Are the rivers in Tanzania at risk of drying up?

The contested causes of environmental change

This was the topic presented by Professor Bruce Lankford of the University of East Anglia at a seminar on 10 October 2016.

The facts are startling. In 2004 Bruce Fox, whose family run a safari and hotel company in the Ruaha National Park, pointed out that in 1993 the Great Ruaha River dried up in the dry season, with dire consequences for fish in the river, plants and animals in the game park, and the belief that it would affect electricity generation at the Mtera and Kidatu dams downstream (see below), which supply hydro-electricity to Dar es Salaam, Dodoma and many other parts of Tanzania.  In more recent years, it has dried up every dry season. The Great Ruaha river drains an area the size of Wales  and feeds into the Usangu or Ihefu wetland. Fox asserted that it was not a coincidence that the drying up had started after the World Bank and other donors paid for projects that increased the amount of abstraction of water for irrigation and domestic provision via so-called modernised concrete weirs which could divert much or all of the flow onto large areas of irrigated land in the Usangu plains – large state farms (now privatised) at Mbarali and Kapunga and many other smaller schemes.  Other environmental concerns included  the very large numbers of cattle in the Usangu plains, and one of the Government’s responses was to move them all out, in the erroneous belief it  would ‘save water’ – the subject of an earlier Britain Tanzania Society seminar in 2013 (see the write-up and slides at Agropastoralist Headache – paper Oct 2013)

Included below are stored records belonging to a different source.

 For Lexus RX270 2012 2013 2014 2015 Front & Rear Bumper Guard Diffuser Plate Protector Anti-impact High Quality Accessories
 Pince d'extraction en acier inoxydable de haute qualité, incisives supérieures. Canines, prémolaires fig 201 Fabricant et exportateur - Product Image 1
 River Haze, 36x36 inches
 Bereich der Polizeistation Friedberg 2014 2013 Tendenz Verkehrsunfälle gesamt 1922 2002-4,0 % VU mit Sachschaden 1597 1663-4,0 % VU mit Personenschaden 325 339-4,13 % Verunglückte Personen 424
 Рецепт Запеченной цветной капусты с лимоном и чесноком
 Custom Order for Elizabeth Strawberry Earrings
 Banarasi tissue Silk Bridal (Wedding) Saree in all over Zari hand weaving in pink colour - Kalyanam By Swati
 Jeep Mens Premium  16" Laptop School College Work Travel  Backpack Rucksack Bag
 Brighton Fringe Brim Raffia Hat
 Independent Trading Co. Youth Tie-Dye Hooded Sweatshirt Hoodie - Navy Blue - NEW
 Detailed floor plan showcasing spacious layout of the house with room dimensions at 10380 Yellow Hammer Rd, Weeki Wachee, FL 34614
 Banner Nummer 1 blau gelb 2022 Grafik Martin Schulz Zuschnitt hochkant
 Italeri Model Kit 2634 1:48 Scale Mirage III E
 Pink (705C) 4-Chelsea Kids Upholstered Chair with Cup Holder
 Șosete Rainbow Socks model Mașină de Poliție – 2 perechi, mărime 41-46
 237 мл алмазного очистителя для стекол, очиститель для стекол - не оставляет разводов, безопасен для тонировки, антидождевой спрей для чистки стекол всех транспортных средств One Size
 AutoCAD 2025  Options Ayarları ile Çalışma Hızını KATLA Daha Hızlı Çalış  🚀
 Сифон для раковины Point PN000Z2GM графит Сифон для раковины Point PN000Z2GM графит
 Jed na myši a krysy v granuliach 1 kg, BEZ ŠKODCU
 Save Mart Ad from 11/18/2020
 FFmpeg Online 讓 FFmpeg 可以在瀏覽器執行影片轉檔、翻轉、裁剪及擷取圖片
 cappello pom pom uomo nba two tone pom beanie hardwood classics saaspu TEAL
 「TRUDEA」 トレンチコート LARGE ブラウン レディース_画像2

Bruce Lankford had already done work on the hydrology of the river, and was involved in two major research projects.[1]  Many researchers were involved, including many Tanzanians, and there were other research projects, making the Usangu plains one of the most researched areas in Africa. There were some important conclusions. One was that the amounts of water cattle could drink was not so much that it would make a significant difference to the flows, even in the dry season. Another was that the drying up had only marginal impact on the generation of electricity, because by far the greater part of the water flowed into the dams during the rainy seasons, and was stored in the two dams – only a little got through in the dry seasons anyway. The challenge was to get the sustainable supply of electricity out of the water in the dams (rather than a go-for-broke maximum production).  A sustainable HEP production would, for example, mean holding water back at Mtera if the Kidatu dam was full or nearly full, and managing the water levels in the two dams together. If that had been done more electricity could have been generated over periods when droughts or late rains occurred.

The researchers also looked at other possible causes of reduced flows – deforestation upstream affecting springs and delayed releases of water, greater diversion of streams for small-scale irrigation upstream, and greater evaporation due to climate change. All of these could have an impact, and especially more small scale irrigation, but not sufficient to make a big overall difference.

But the accumulation of water abstractions, including from small diesel pumps, combined with the construction of the concrete weirs has had, over time, an impact. They allow large amounts of water, in some cases the whole flow, of tributaries to be diverted for irrigation. They were associated with water rights which gave irrigators rights to an absolute amount of water, even when there was little in a river. They were often not well managed, so that water taken out of rivers ran to waste, or was used in excess of minimum net domestic needs.

The conclusions, some of which are expressed in The Great Ruaha Restoration Campaign, involve rewriting water rights, prohibiting extraction when flows are low, and using weirs that divide the water proportionally, leaving some flowing downstream.  Some progress is being made, but so far not sufficient to restore the flows through the Ruaha game park.

All this and more was spelt out with figures and pictures in Bruce Lankford’s slides from the seminar .

[1] SMUWC – the Sustainable Management of the Usangu Wetland and its Management;  and RIPARWIN  – Raising Irrigation Productivity and Releasing Water for Intersectoral Needs.